#### [Records excerpted from a collection]
_ _ _ _
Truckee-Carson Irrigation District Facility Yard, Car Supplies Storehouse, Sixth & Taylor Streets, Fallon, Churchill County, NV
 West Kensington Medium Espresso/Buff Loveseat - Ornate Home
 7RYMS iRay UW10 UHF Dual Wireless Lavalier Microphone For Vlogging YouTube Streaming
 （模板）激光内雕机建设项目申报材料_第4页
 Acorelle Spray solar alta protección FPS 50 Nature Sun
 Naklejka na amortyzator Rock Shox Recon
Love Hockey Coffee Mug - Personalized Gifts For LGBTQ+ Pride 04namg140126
_ _ _ _
#### [EXERCISE GOAL]
Start with the line that contains "Acorelle Spray solar", end with the last line of the entries, and please retype every line in that span exactly, with no others.

#### [ANSWER AREA]
 Acorelle Spray solar alta protección FPS 50 Nature Sun
 Naklejka na amortyzator Rock Shox Recon
Love Hockey Coffee Mug - Personalized Gifts For LGBTQ+ Pride 04namg140126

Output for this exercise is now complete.